Go Back

Mexican Street Corn

Ah, the taste of summer! There's something magical about enjoying food outdoors, especially when it comes to Mexican Street Corn, or Elote. This recipe brings back sweet memories of street vendors, warm days, and the tantalizing smell of grilled corn wafting through the air.
Prep Time 10 minutes
Cook Time 15 minutes
Total Time 25 minutes
Servings: 4 servings
Course: Side Dish
Cuisine: Mexican

Ingredients
  

For the Mexican Street Corn
  • 4 ears corn husked
  • 1/2 cup mayonnaise
  • 1/4 cup sour cream
  • 1 cup crumbled queso fresco or feta as a substitute
  • 1 teaspoon chili powder
  • 1 lime juiced
  • Salt, to taste
  • Fresh cilantro, chopped (for garnish)
  • Lime wedges (for serving)

Equipment

  • Grill
  • Mixing Bowl
  • Basting Brush

Method
 

  1. Step 1: Preheat your grill to medium-high heat. This step is crucial for getting that delicious char on your corn!
  2. Step 2: Grill the corn for about 10-15 minutes, turning occasionally, until the kernels are tender and slightly charred. You want that smoky flavor!
  3. Step 3: While the corn is grilling, in a mixing bowl, combine the mayonnaise, sour cream, lime juice, chili powder, and a pinch of salt. Mix well until smooth. This creamy mixture is what makes this dish so irresistible!
  4. Step 4: Once the corn is perfectly grilled, remove it from the heat and brush the mayonnaise mixture generously over each ear of corn.
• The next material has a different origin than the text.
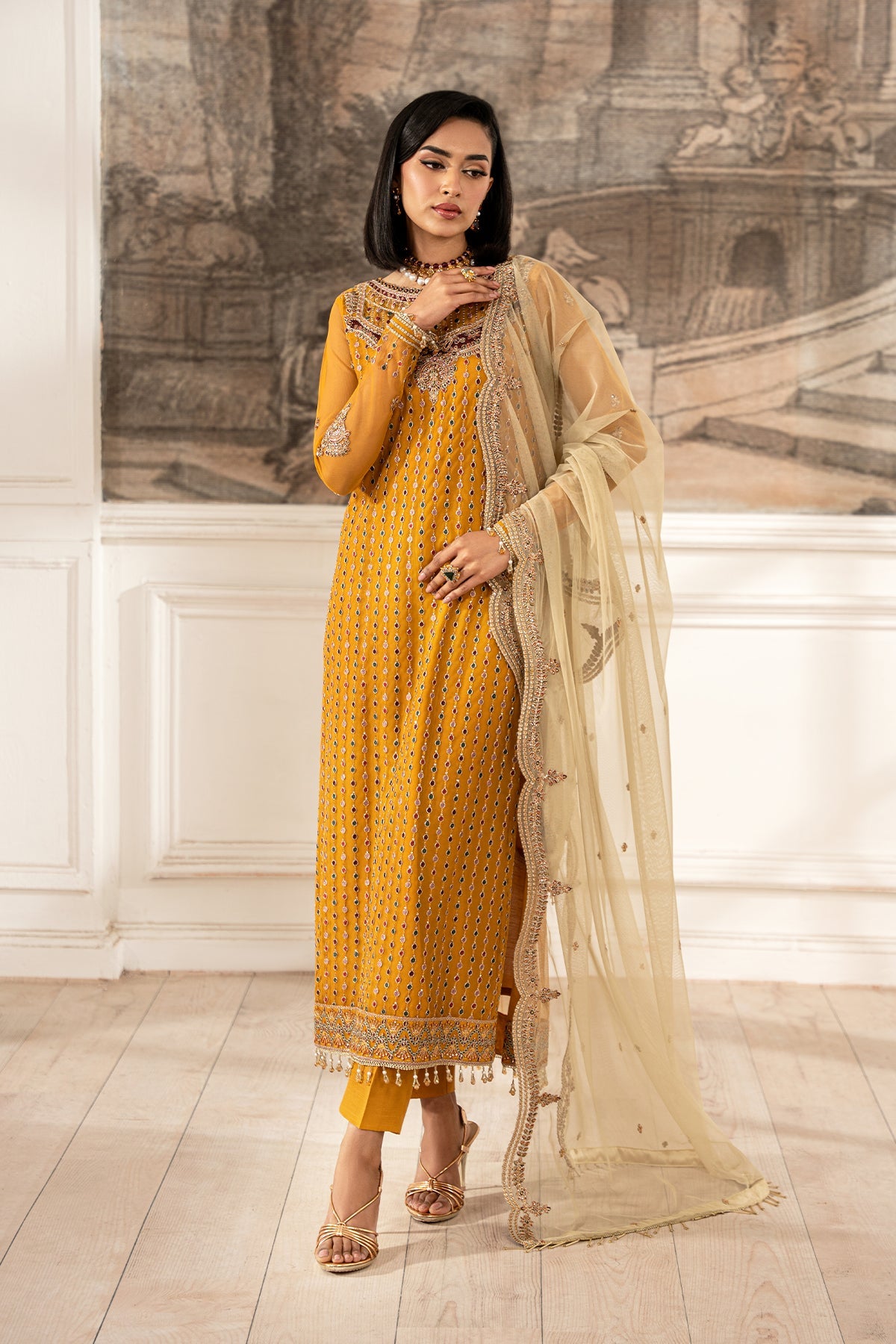 Zarif | Formal Edit 25 | ZFE-04 ELIZA by Maria Faisal - Registered Vendor of : Zarif - type : Ladies Clothes - 100% original wedding dresses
Don’t be shy here; the more, the better!
  5. Step 5: Sprinkle crumbled queso fresco over the coated corn. This is where the magic happens!
  6. Step 6: Garnish with chopped cilantro and serve with lime wedges on the side. Enjoy every bite!

Notes

If you have any leftovers, store the corn in an airtight container in the fridge for up to 3 days. Reheat it on the grill or in the oven to bring back that charred flavor.